Consent for Nitrous Oxide/Oxygen Sedation



1. I understand that the purpose of nitrous oxide/oxygen sedation (commonly known as laughing gas) is to receive necessary care more comfortably. Nitrous oxide/oxygen is not required to provide the necessary dental care. I understand that sedation with nitrous oxide/oxygen has limitations and risks, and absolute success cannot be guaranteed. (See #4 options.)


2. I understand that nitrous sedation is a drug-induced state of reduced awareness and decreased ability to respond. Nitrous oxide sedation is not sleep. I will be able to respond during the procedure. My ability to respond normally returns when the effects of the sedative wear off.


3. I understand that the alternatives to conscious sedation are:
a. No sedation: The treatment is performed under local anesthetic with the patient fully aware.
b. Oral Conscious Sedation: Sedation via a pill form that will put the patient in a minimally depressed level of consciousness.
c. Intravenous Sedation: Injection of the sedative in a tube connected to a vein in my arm.
d. General Anesthetic: Commonly called deep sedation or “sleep dentistry”, a patient under general anesthetic has no awareness and must have their breathing temporarily supported.


4. I understand that the administration of medication and the performance of conscious sedation with nitrous oxide carries certain common hazards, risks, and potential unpleasant side effects which are infrequent, but none the less, may occur. They include but are not limited to the following:

a. Nausea and Vomiting: This is the most frequent of the side effects of nitrous oxide sedation but its frequency is still quite low. It is important to tell the doctor, hygienist, or assistant that you are experiencing some discomfort. The level of nitrous oxide can be adjusted to eliminate this side effect.
b. Excessive Perspiration: Sweating may occur during the procedure, and you may become somewhat flushed during administration of nitrous oxide.
c.

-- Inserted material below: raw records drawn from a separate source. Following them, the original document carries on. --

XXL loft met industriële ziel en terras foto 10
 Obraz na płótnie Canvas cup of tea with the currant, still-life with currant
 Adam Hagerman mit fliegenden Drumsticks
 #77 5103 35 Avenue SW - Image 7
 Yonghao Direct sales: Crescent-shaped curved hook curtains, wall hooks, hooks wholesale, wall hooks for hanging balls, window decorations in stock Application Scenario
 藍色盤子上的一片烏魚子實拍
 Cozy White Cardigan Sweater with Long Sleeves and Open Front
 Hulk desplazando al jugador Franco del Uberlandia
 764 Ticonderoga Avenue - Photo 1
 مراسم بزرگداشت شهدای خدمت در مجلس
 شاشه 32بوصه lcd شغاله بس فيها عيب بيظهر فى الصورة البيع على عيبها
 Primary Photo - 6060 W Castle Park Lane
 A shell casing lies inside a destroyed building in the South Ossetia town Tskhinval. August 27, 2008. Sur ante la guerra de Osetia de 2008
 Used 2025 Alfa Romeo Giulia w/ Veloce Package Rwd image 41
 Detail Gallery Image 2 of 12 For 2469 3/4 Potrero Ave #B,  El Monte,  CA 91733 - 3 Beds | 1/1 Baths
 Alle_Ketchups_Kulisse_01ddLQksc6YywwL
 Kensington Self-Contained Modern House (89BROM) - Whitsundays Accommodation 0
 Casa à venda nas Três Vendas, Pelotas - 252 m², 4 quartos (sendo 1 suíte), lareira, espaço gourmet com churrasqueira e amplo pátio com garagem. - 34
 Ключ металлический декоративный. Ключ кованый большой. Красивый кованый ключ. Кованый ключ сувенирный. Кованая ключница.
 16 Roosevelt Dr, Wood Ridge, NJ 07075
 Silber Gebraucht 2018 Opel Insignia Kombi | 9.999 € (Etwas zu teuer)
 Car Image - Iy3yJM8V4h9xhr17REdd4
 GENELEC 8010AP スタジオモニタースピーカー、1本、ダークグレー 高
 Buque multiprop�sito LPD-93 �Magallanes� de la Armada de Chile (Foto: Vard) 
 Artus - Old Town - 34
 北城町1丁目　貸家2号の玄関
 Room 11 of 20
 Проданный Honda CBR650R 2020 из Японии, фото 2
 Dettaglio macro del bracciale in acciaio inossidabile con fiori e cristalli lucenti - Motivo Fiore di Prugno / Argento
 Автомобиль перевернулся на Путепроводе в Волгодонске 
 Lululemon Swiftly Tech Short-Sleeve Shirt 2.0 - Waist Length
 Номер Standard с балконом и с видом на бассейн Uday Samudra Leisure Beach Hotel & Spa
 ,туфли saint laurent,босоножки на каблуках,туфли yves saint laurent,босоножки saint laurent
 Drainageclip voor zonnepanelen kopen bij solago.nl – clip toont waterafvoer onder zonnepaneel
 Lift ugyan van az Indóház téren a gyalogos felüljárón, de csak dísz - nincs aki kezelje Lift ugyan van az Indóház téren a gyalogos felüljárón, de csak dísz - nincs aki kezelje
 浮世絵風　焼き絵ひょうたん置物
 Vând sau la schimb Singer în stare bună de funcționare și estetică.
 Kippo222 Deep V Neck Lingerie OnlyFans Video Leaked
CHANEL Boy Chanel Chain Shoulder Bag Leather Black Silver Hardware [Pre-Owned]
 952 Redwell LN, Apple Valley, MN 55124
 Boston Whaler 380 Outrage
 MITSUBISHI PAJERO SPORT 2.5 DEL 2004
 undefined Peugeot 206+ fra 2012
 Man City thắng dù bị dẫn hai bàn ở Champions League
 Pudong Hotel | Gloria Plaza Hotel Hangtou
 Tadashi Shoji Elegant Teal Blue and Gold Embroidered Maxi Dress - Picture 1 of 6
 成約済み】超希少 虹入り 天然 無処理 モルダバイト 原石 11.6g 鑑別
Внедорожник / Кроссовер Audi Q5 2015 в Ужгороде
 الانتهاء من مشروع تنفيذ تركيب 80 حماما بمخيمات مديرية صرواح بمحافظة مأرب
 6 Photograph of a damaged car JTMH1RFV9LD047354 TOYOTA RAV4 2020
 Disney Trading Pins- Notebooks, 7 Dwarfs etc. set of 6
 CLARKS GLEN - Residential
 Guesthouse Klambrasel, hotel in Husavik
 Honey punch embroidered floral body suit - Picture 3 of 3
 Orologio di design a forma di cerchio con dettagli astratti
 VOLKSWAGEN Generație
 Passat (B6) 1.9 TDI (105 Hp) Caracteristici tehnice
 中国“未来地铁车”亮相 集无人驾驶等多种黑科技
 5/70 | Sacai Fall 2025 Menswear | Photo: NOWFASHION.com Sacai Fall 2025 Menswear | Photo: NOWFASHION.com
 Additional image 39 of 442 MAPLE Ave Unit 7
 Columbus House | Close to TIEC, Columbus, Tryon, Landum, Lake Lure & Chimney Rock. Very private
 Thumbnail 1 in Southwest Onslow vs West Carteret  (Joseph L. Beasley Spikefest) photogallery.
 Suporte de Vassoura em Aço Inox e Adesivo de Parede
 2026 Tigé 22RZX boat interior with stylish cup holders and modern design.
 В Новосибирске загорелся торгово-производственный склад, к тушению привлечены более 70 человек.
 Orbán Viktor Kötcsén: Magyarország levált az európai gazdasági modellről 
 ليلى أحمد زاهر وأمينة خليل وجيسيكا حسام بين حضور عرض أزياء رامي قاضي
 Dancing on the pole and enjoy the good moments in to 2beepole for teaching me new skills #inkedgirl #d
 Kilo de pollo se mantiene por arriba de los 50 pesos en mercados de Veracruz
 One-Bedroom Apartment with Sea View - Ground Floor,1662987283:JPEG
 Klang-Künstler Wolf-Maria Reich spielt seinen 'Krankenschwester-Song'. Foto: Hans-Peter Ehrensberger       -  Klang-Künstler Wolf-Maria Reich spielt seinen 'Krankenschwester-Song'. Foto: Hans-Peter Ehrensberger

Behavioral Problems: some patients will talk excessively. You may become difficult to treat because you are so talkative, or experience vivid dreams associated with physical movement of the body.
d. Shivering: Although not common, shivering can be quite uncomfortable. Shivering usually develops at the end of the sedative procedure when the nitrous oxide has been terminated.
e. Driving a Motor Vehicle: You may not feel capable of driving after nitrous oxide. If this occurs, we will keep you until you feel better or have you call a friend or cab to ensure your safety.


5. I have had the opportunity to discuss conscious sedation and have all my questions answered by qualified personnel including the doctor.


6. I understand that I must notify the doctor if I am pregnant, or if I am lactating. I must notify the doctor if I have sensitivity to any medication, of my present mental and physical condition, if I have recently consumed alcohol, and if I am presently on psychiatric mood-altering drugs or other medications.


I hereby certify that I understand this authorization and the reasons for nitrous oxide/oxygen sedation and associated risks. I am aware that the practice of dentistry is not an exact science. I acknowledge that every effort will be made in my behalf for a positive outcome from sedation, but no guarantees have been made to the result of the procedure authorized above.